By a $k$-variety, we will mean a separated scheme of finte type over a field $k$. Let $k$ be of characteristic 0. Given a smooth quasi-projective $k$-variety $X$, there is a projective $k$-variety $\bar{X}$ containing $X$. Since char$(k)=0$, we can take a resolution of singularities $\pi:\widetilde{X}\to\bar{X}$ where $\widetilde{X}$ is a smooth projective $k$-variety. $\pi$ will be an isomorphism on the smooth locus of $\bar{X}$ which contains $X$, so that $j=\pi^{-1}|_X:X\to\widetilde{X}$ is an open immersion.

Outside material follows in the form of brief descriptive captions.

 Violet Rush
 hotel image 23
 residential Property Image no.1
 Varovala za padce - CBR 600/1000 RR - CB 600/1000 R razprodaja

Given two smooth compactifications $j_1:X\to\widetilde{X_1}$ and $j_2:X\to\widetilde{X_2}$, can one assume (after suitable modifications) that there is a smooth morphism $g:\widetilde{X_2}\to\widetilde{X_1}$ such that $g\circ j_2=j_1$?

It is a standard fact that given two smooth compactifications $j_1,j_2$ coming from resolutions of singularities $\pi_i:\widetilde{X_i}\to\bar{X}$, $i=1,2$, we can consider the resolution of singularities $\widetilde{X_3}$ of the Zariski closure of the image of $(j_1,j_2):X\to\widetilde{X_1}\times\widetilde{X_2}$ to obtain projective birational morphisms $g_i:\widetilde{X_3}\to\widetilde{X_i}$, $i=1,2$, such that $\pi_1\circ g_1=\pi_2\circ g_2$. This implies $g_i\circ j_i=j_3$, $i=1,2$. Thus, we may assume that there is a morphism $g:\widetilde{X_2}\to\widetilde{X_1}$ such that $g\circ j_2=j_1$. However, I don't see how $g$ can be smooth. Since $g$ is projective and birational and $\widetilde{X_i}$ is smooth projective, maybe the Zariski Main Theorem implies that $g$ is an open immersion, hence smooth?

This question is related to Bondarko's comment in the question Non-uniqueness of smooth compactification.